Together, the two women had about 40 years of experience working at KPMG, and FT learned that they were highly respected and two of the firm’s most talented partners.

Concerns about the senior male partner’s communication methods were raised to his line manager last October, according to FT, and then someone within KPMG made a formal complaint through the firm’s whistleblower hotline that same month about the guy’s conduct during a meeting.

An investigation into the male partner’s conduct concluded that his behavior didn’t amount to bullying, according to FT. But we can presume that he was probably being a jag-off because the firm said in a statement that “aspects of the individual’s behavior required improvement.” The male partner agreed was forced to take leadership coaching and he agreed was forced to apologize to “certain employees.” This is very similar to the story Going Concern broke in April about a current male partner at EY India who was accused of sexual harassment and bullying by a former female associate director at the firm.

KPMG U.K. also changed the partner’s reporting channels in February, according to FT.

This is the second case of workplace bullying at a KPMG firm that has been made public this month. The Australian Financial Review reported on May 15 that KPMG in Australia conducted a secret internal investigation into a senior partner after receiving several anonymous postcards over an 18-month period accusing him of workplace bullying.

Postcards? Isn’t there an ethics or whistleblower hotline they could call instead? And when we say postcards, we don’t mean the blank, white ones you can buy at Office Depot.
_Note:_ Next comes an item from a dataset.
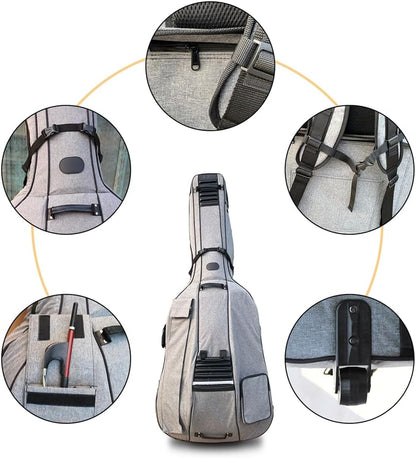 3/4 Upright Bass Gig Bag with Adjustable Backstrap&Handle&Wheel&More Storage Pockets Double Bass Bag for Musicians Durable and Portable Gray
According to AFR, they were actual postcards you could buy at a cafe or convenience store, including several advertising the Disney movie Christopher Robin.

These postcards featured a cut-out of the senior partner’s official profile shot and title stuck onto the postcard along with a range of different messages, including “why have you lost so many good female [business area] partners??”, “Are you aware of this man’s behaviour to women?” and “How long before you act against this bully?”.
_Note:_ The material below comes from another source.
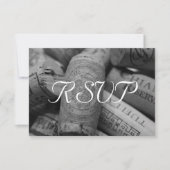 Rustikale Wine Cork Wedding RSVP mit 3 Betten (Vorderseite)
Security specialists conducted a forensic examination on the postcards and concluded they were sent by the same person, which they assumed to be a man with a gripe against the senior partner, but were unable to identify the person, according to AFR.

The senior partner wasn’t identified in the article, but he has denied any wrongdoing and said the allegations made against him are unfair.

AFR noted that only one individual was named across the various postcards—a female partner who no longer works for KPMG.

When she was interviewed by the firm, she admitted she did not get along with the senior partner but did not make a formal complaint about him. She also told the firm she had no knowledge about the postcards and had not sent them.

AFR also reported that KPMG Australia executives recently asked a male audit partner at the firm, who was not identified, to retire early while giving him an additional “discretionary” payment worth six months’ pay, or more than $200,000, after a female staff member with whom he previously had a relationship accused him of harassment.

The complaint against the audit partner, who is married, came after his relationship with the female staff member had ended. The audit partner then filed a complaint against his former mistress, accusing her of inappropriate conduct.

The investigation into the audit partner, who had been warned before by the firm about his behavior in the office toward the woman, found he had breached the firm’s values around leading by example and he was asked to resign from the partnership.

The investigation into the woman, who still works for KPMG, is ongoing, according to AFR.